A flash point for alternative culture, Max’s Kansas City was a testing ground for a new generation of art, music, film and fashion. The back room played host to Andy Warhol and his factory and film entourage, as well as a rotating cast of larger than life musicians from the New York Dolls and Janis Joplin to Lou Reed and the Velvet Underground. Attracted by the nightly free dinners and intellectually charged environment, the front room became a daily haunt for pop artists Robert Rauschenberg and Roy Lichtenstein as well as a new generation of artists like Dan Flavin, Ronald Bladen, and Carl Andre. While the bar became famous for its hard-drinking debates, its walls displayed important new works, which the proprietor, Mickey Ruskin traded in exchange for bar tabs.

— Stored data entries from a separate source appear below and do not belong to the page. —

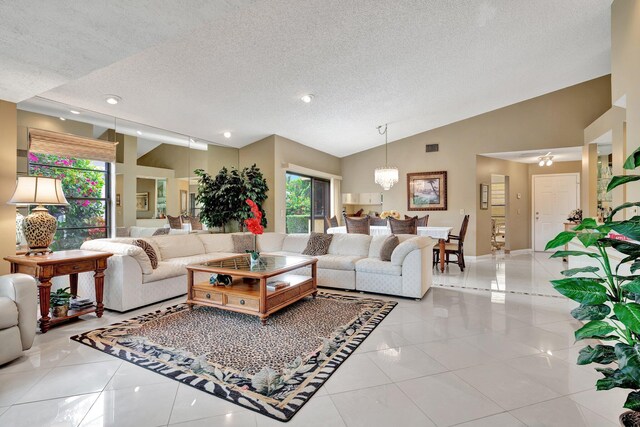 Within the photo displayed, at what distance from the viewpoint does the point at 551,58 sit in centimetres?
490

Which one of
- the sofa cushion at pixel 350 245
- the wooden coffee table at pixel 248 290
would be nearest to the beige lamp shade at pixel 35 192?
the wooden coffee table at pixel 248 290

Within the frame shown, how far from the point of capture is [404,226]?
5.57m

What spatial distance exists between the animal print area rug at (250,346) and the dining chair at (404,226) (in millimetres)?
2018

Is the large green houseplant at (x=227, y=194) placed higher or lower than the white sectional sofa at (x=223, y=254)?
higher

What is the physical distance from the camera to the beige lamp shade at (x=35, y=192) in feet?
10.0

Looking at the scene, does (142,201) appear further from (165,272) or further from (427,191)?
(427,191)

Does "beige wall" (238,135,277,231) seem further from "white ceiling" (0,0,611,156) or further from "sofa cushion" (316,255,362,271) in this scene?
"sofa cushion" (316,255,362,271)

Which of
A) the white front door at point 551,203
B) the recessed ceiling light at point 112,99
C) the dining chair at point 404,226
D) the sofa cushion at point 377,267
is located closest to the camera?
the recessed ceiling light at point 112,99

“Max’s Kansas City” is a tribute to the creative confluence that the space came to embody. Through a multimedia presentation including films, music, photography, paintings and sculpture, the Miami exhibition highlights the complex intellectual environment and incredible diversity of ideas at the legendary venue. The booth, designed by founder Mickey Ruskin’s daughter, Victoria Ruskin, evokes the atmosphere of the now legendary establishment. Works by Alice Aycock, Lynda Benglis, Brigid Berlin, Robert Mapplethorpe, Frank Stella, Joseph Kosuth, Willem de Kooning and Larry Poons, Marisol, Dorothea Rockburne and Vito Acconci bring back to life the rare milieu where pop, minimalist, conceptual and New York School artists ate, drank and debated side by side.